One or more of these additives may be selected and used by one skilled in the art with respect to the particular desired properties of the solid oral dosage form through routine experimentation and without undue danger. The amount of each type of additive used, e.g., slip agent, binder, disintegrating agent, filler or diluent and lubricant or film coating can vary within conventional scales in the art. In this way, for example, the amount of lubricant can vary within a range of 0.2 to 5% by weight, in particular, for magnesium stearate of 0.5 to 2.0% by weight, for example from 0.8 to 1.5% by weight. weight; the amount of binder may vary within a range of from 0 to about 20% by weight, for example from 3 to 4% by weight; the amount of the disintegrating agent may vary within a range of from 0 to about 20%, for example, from 13.5 to 16% by weight; the amount of filler or diluent may vary within a range of from 0 to about 80% by weight, for example from 20 to 32% by weight; while the amount of slip agent may vary within a range of from 0 to about 5% by weight, for example from 0.4 to 0.6% by weight; and the amount of film coating can vary within a range of 0 to 20 mg / cm2, for example 4 to 7 mg / cm2. It is a feature of the present solid oral dosage forms that they contain only a relatively small amount of additives given the high content of the active agent. This allows the production of physically small unit dose forms. The total amount of additives in a given uncovered unit dose may be about 60% or less by weight, based on the total weight of the solid oral dosage form, more particularly about 54% or less. Preferably, the additive content is in the range of about 35 to 55% by weight, more particularly, the additive content ranges from about 50 to about 52% by weight. A preferred amount of a filler, especially microcrystalline cellulose, ranges from about 20 to 32% by weight per unit dosage form. A preferred amount of a binder, especially PVK K 30, ranges from about 3 to 4% by weight per unit dosage form.

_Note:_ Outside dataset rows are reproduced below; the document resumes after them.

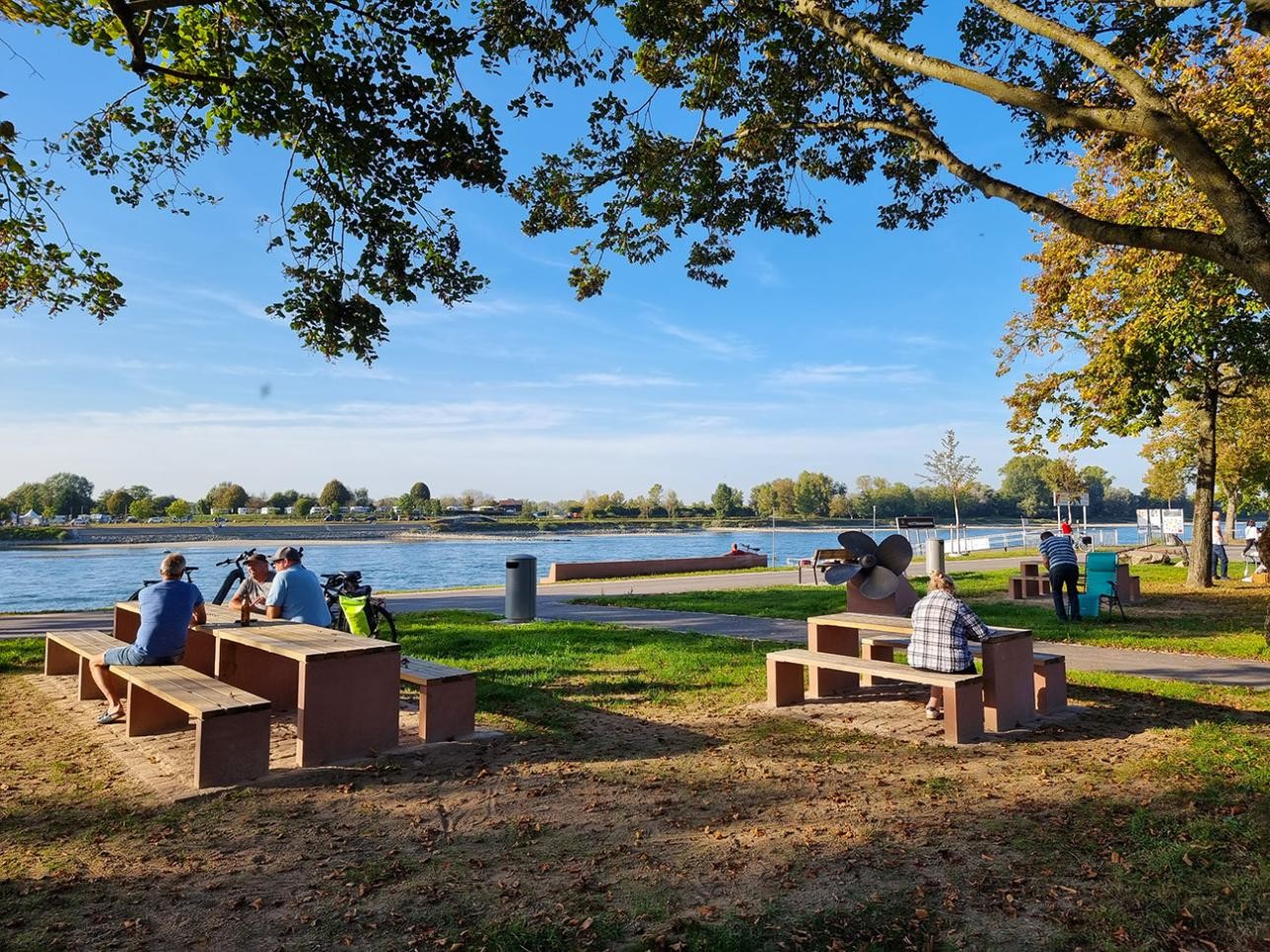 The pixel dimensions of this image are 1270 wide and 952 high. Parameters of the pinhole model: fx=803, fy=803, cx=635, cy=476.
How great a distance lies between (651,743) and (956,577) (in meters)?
16.4

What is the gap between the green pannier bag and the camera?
760 cm

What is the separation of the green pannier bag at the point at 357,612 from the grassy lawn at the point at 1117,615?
22.7 feet

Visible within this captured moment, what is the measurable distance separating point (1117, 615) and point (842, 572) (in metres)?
7.44

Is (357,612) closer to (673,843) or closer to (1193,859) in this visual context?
(673,843)

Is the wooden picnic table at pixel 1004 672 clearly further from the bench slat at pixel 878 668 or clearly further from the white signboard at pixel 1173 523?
the white signboard at pixel 1173 523

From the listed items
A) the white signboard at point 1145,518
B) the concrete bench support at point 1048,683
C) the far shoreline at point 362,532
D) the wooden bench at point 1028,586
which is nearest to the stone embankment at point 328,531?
the far shoreline at point 362,532

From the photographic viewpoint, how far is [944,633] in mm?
5738

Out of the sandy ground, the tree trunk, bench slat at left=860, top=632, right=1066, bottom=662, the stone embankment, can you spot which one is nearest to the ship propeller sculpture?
bench slat at left=860, top=632, right=1066, bottom=662

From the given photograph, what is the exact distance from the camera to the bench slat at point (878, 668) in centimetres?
557

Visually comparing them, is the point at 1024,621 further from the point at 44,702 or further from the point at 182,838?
the point at 44,702

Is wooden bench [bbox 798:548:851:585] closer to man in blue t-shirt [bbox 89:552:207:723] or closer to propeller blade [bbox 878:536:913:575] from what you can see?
propeller blade [bbox 878:536:913:575]

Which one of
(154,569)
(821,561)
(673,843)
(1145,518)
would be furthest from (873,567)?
(154,569)

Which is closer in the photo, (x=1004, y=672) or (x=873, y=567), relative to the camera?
(x=1004, y=672)

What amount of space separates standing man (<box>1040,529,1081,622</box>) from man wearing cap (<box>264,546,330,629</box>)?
392 inches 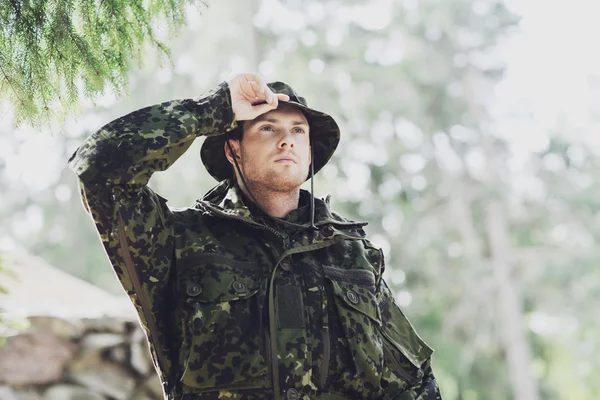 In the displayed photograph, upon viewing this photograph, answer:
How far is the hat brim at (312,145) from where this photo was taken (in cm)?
368

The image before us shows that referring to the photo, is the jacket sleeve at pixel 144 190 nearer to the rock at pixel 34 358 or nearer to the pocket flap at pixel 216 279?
the pocket flap at pixel 216 279

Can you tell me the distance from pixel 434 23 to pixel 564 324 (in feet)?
23.2

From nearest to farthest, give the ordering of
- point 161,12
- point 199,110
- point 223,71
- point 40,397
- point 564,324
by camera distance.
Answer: point 199,110, point 161,12, point 40,397, point 223,71, point 564,324

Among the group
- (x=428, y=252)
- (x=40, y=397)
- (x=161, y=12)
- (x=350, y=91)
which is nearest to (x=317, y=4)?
(x=350, y=91)

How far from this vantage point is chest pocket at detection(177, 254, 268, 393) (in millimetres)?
2928

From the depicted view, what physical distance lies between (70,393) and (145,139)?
396 centimetres

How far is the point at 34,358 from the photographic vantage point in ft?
20.4

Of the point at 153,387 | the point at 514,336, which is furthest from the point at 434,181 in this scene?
the point at 153,387

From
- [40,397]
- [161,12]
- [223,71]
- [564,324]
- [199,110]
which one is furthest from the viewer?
[564,324]

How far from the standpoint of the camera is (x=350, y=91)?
15922 mm

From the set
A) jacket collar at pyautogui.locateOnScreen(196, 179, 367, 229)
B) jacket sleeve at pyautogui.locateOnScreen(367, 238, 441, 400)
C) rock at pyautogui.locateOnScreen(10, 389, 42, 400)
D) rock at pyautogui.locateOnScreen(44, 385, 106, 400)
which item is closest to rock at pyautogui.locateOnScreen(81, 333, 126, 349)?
rock at pyautogui.locateOnScreen(44, 385, 106, 400)

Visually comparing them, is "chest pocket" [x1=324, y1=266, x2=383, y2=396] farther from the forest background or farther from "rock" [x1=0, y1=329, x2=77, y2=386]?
the forest background

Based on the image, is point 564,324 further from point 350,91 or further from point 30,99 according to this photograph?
point 30,99

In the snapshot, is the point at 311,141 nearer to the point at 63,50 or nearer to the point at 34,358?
the point at 63,50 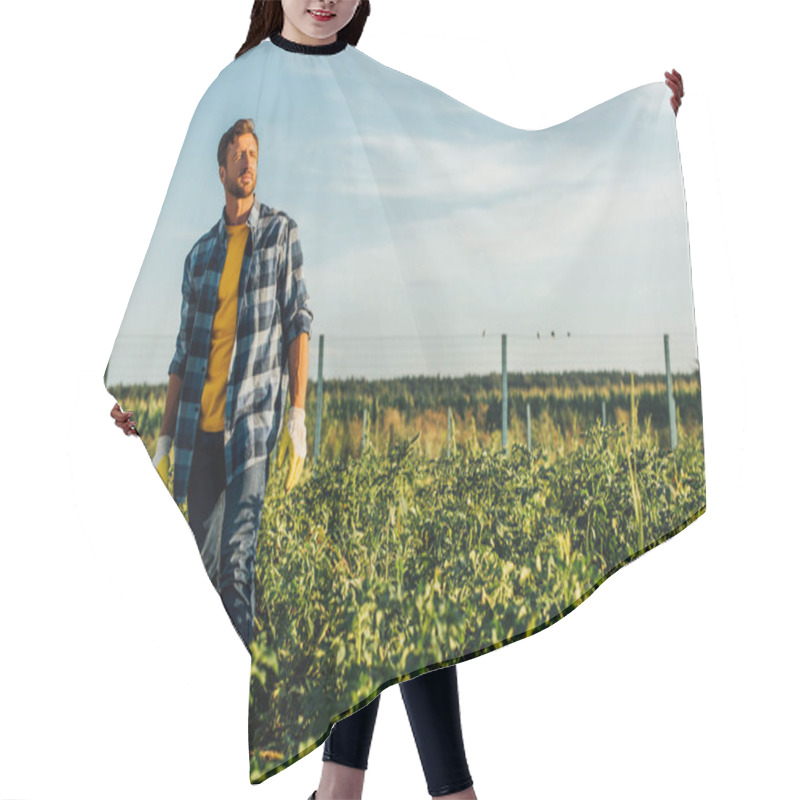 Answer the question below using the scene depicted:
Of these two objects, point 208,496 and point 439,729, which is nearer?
point 208,496

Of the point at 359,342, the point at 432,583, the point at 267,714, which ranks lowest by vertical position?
the point at 267,714

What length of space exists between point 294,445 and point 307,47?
1.00m

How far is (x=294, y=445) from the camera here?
3131mm

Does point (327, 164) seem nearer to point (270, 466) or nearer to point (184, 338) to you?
point (184, 338)

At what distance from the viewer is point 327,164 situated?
A: 10.5 feet

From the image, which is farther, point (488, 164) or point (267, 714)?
point (488, 164)

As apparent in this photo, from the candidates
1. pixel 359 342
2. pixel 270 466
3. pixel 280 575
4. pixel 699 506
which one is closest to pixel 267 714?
pixel 280 575

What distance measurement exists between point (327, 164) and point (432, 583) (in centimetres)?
103

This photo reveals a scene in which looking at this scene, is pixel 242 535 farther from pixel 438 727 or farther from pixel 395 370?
pixel 438 727

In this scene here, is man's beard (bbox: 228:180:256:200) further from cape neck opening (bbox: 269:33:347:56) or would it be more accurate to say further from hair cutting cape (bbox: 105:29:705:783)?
cape neck opening (bbox: 269:33:347:56)

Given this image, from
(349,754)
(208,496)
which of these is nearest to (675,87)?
(208,496)

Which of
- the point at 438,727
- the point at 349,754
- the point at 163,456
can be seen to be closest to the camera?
the point at 163,456

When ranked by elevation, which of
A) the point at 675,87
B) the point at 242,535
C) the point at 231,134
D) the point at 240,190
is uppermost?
the point at 675,87

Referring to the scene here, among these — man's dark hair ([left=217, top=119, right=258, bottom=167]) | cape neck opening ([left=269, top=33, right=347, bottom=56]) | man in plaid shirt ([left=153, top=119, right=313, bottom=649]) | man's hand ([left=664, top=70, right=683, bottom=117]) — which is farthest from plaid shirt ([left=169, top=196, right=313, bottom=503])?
man's hand ([left=664, top=70, right=683, bottom=117])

A preferred amount of a disintegrating agent, especially CROSPOVIDONE, ranges from about 13.5 to 15% by weight per unit dosage form. A preferred amount of a slip agent, especially colloidal silicon dioxide, ranges from about 0.4 to 0.6% by weight per unit dosage form. A preferred amount of a lubricant, especially magnesium stearate, ranges from about 0.8 to 1.5% by weight per unit dosage form. A preferred amount of a film coating, especially of HPMC 3 cps, ranges from about 4 to 7 mg / cm 2 per unit dosage form. Preferred amounts of alisciren and additives are also shown in the illustrative examples. The absolute amounts of each additive and the relative amounts with other additives are similarly dependent on the desired properties of the solid oral dosage form and can also be selected by one skilled in the art through routine experimentation without undue danger. For example, the solid oral dosage form can be selected to exhibit an accelerated and / or delayed release of the active agent with or without quantitative control of the release of the active agent. In this way, when an accelerated release, a disintegrating agent, such as interlaced PVP, is desired, for example, those products available under the trademarks of POLYPLASDONE XL or KOLLIDON CL, in particular, having a molecular weight in excess of 1. , 000,000, more particularly, having a particle size distribution of less than 400 microns or, preferably, less than 74 microns, or comprising reactive additives (effervescent mixtures) which effect rapid disintegration of the tablet in the presence of water, for example, the so-called effervescent tablets containing an acid in solid form, usually citric acid, which acts in water in a base containing chemically combined carbon dioxide, for example, sodium hydrogen carbonate, or sodium carbonate, and liberates carbon dioxide. While the delayed release is desired, coating technology for multiparticulates (e.g., pellets, mini tablets), wax matrix systems, polymer matrix tablets or polymer coatings or other technologies conventional in the art can be used.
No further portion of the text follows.